I joined Ireland’s RTE Radio 1 and BBC Radio Scotland on Monday to discuss the response — political, legal, and social — to the Supreme Court’s overturning of Roe v. Wade and challenge to women’s rights.

I discuss the efforts to help women who are in states outlawing or sharply restricting abortion, the prospect of bans on “morning after” pills, the place of abortion in November’s mid-term elections, and the damage of the Supreme Court’s decision.

What was so destructive was the Court going beyond the request of Mississippi officials for a 15-week limit on abortion. The conservatives, throwing out Roe v. Wade entirely, hands this over on a state-by-state basis.

Listen to RTE Radio 1 from 1:51.30

Up until this Supreme Court decision, most analyses said November’s elections would be hard running for the Democrats. Putting abortion at the top of the agenda could make it more difficult for the Republicans to make significant gains — if this mobilizes people who put a priority on women’s rights to vote for politicians who do the same.

Listen to BBC Radio Scotland from 1:13.03


UPDATE, JUNE 25:

I spoke further with BBC 5 Live on Saturday about the effects of the dismissal of the Roe v. Wade precedent by six conservative Supreme Court judges.

I review how a politicized Court went even beyond the request of the plaintiffs — a 15-week limit on abortion — to allow states to ban or sharply restrict the procedure.

Then I summarize the slim chance that the limitation of women’s rights can be checked, and what faces women in states that do not allow abortion.
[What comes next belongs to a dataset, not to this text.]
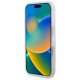 Guess dėklas iPhone 16 Plus telefonui IML Glitter Circle MagSafe, skaidrus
If you are a woman who lives in southern Texas, if you live in New Orleans, you have to travel 700 or 800 miles to reach a state which *may* still allow abortion.

If you cannot afford that journey, if your circumstances do not allow it, you either carry the pregnancy to term — whatever the effect on you and your family — or you risk a “backstreet” abortion, which can be damaging and even deadly.

Listen to Discussion from 1:05.07


ORIGINAL ENTRY, JUNE 24: I joined China’s CGTN and the BBC on Friday to analyze how six conservative Supreme Court Justices overturned Roe vs. Wade and paved the way for states to deny women’s rights over abortion.

I explain the context for the reversal of a 49-year precedent, and how the Supreme Court — fulfilling the mission of Republican legislators to pack the bench with conservatives — became a political weapon in the guise of legal interpretation.

Perhaps most importantly, I discuss the position for 40 million women, in states which have already or are likely to ban or severely restrict abortion rights, who face a return to the pre-1973 lottery over their lives.

Watch CGTN

I can’t remember when abortion was not a hot-button issue.

What makes this different, what feeds the division is that about 20 years, we had settled this as the law of the land.

What changed this was the mission by conservatives to pack the Supreme Court with conservative justices. When the Supreme Court became a political instrument, this made it a vehicle to roll back social rights.

Listen to BBC Hereford and Worcester from 2:09.09

I think this not only overturns 50 years of precedent; it puts the US out of line with how most countries are approaching women’s and social rights today.